### Data excerpt
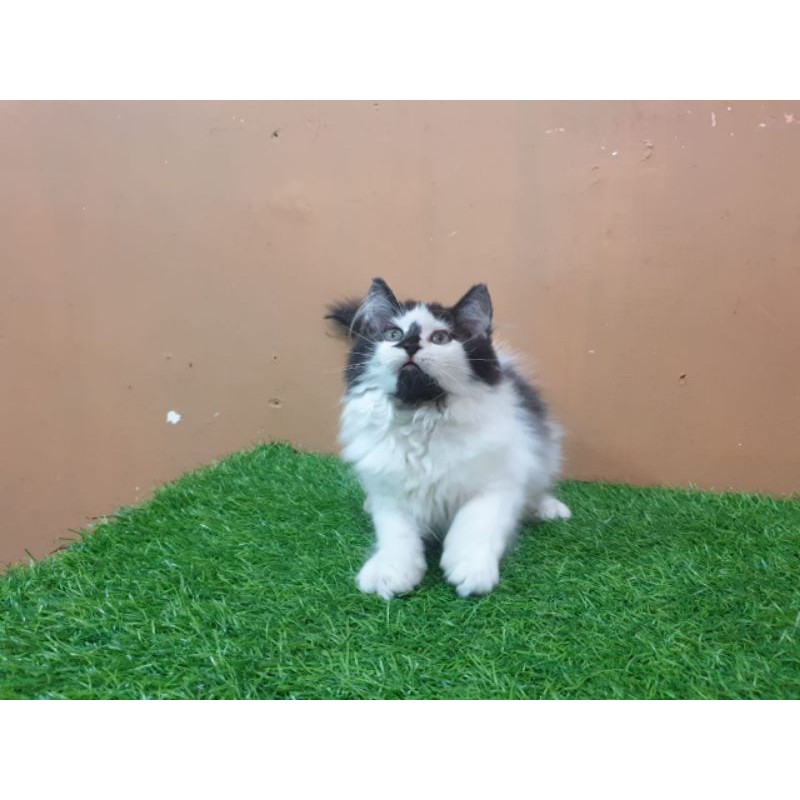 JualAnakanKittenKucingPersia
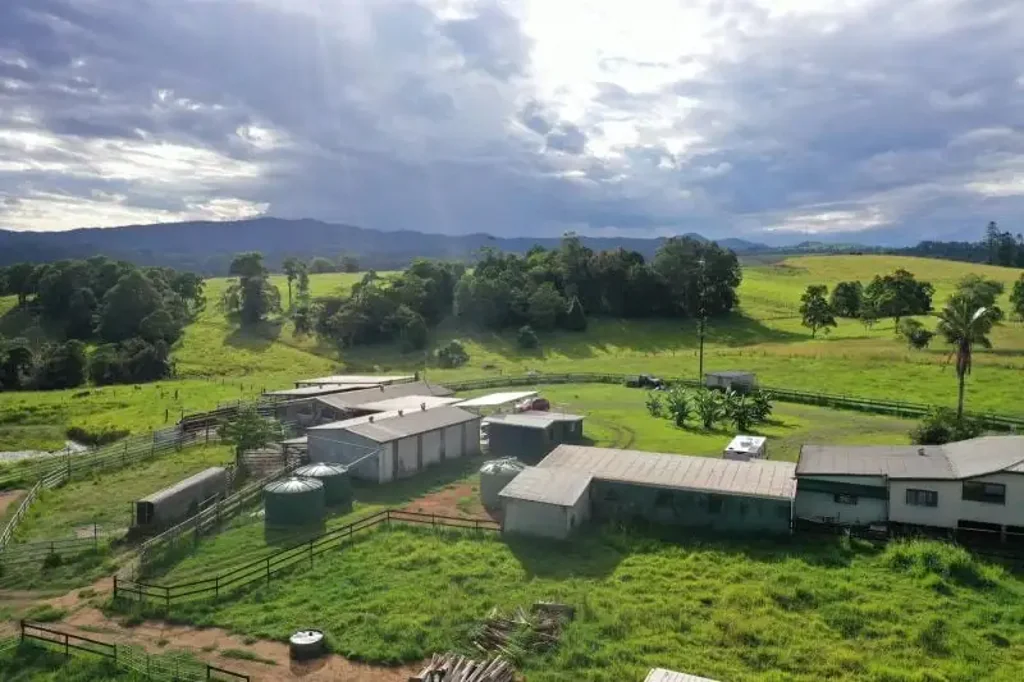 Millaa Millaa Acreage for sale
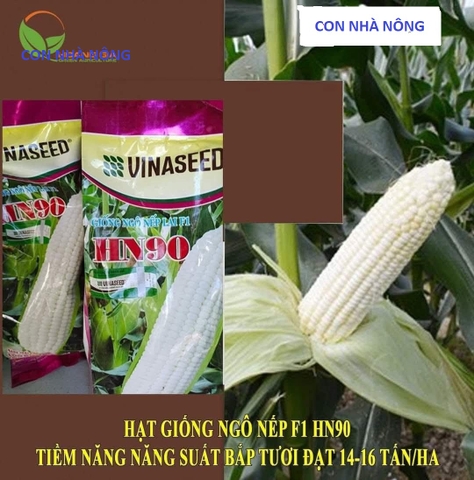 Hạt giống Ngô, bắp  Nếp Lai HN 90 Mới Dẻo Ngọt Bông To gói 500gr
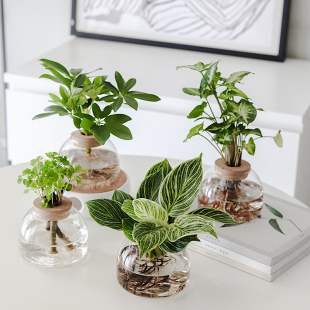 【新款】水培植物水养吉利红小铁树办公室内好养绿植花卉桌面盆栽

### Work task
Everything in the listing above must be retyped exactly, except for the pictures.

### Answer to this task
 JualAnakanKittenKucingPersia
 Millaa Millaa Acreage for sale
 Hạt giống Ngô, bắp  Nếp Lai HN 90 Mới Dẻo Ngọt Bông To gói 500gr
 【新款】水培植物水养吉利红小铁树办公室内好养绿植花卉桌面盆栽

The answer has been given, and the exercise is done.